RAIDframe is saying that the partition isn't quite big enough -- not
sure why, as if the size of the spare is *at least* the size of one
of the other active partitions, it should work.
> (I don't have another disk big enough to try adding a spare to the
> second RAID-5 array to see if it's something specific to this array....)
>
> After fiddling with the label (trying a size of 8890688 before noticing
> that the first value in the kernel message was a very unlikely and oddly
> "even" number), I tried again only to be surprised by a new error:
>
> # raidctl -v -a /dev/sd6a raid0
> raidctl: ioctl (RAIDFRAME_ADD_HOT_SPARE) failed: Device busy
>
> I.e. the disk vnode continues to have a v_usecount of 1 even after
> raidctl exits.
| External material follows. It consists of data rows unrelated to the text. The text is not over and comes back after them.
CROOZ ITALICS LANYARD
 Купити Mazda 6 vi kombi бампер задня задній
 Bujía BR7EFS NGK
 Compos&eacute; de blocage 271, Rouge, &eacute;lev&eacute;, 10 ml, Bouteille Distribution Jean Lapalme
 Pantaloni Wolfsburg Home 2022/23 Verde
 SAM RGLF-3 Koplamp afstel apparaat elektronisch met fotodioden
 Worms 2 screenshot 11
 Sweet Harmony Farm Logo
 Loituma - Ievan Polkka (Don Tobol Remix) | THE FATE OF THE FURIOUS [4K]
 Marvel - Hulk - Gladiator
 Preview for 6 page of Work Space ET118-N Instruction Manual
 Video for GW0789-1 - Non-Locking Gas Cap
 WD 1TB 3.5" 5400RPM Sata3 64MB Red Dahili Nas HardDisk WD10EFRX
Somewhere a VOP_UNLOCK() or vput() call must be missing.
Hmm.. This is fixed in -current, but "someone" forgot to request a
pullup. (said pullup request has been sent.)
> I also noticed that the "Autoconfig" value isn't copied to new disks
> that have been added as spares in the past. My original "raid0" wasn't
> autoconfiguring properly and I found that one component didn't have
> "Autconfig: Yes" any more. Rerunning "raidctl -A yes raid0" fixes it
> but I'd suggest the addition of a new component as a spare should
> inherit this value from the other components. Should I send-pr this?
> (I may try looking for a fix....)
I believe I've fixed a bug related to that quite some time ago. I
though it was fixed in 1.6 though.
> Also, as an aside, I never made any of my component partitions have an
> fstype of RAID before and yet autoconfig still worked in 1.5W. It was
> as if the check for (p_fstype != FS_RAID) wasn't happening before (even
> though I see the code right there in rf_netbsdkintf.c in my old source
> tree). This may be another hint about the disk labels not being read
> properly, though it still doesn't make any sense.
IIRC autoconfig used to work for even non-RAID partitions... but 1.5W
is so ancient that I don't recall exactly what it did :-}
> I'm going to reboot again now to make sure raid0 is really auto-
> configuring itself at boot and also to check that my new RAID-1 mirror
> for the root disk comes up properly....
>
> If anyone has any clues about the problem I'm having adding a spare to
> the RAID-5, please let me know!
Can you send the output of "raidctl -s raid0" and of "disklabel foo0"
where "foo0" contains one of the active components? RAIDframe is
usually only crabby about these sorts of things if there is an actual
size difference that will cause a problem.
Later...
Greg Oster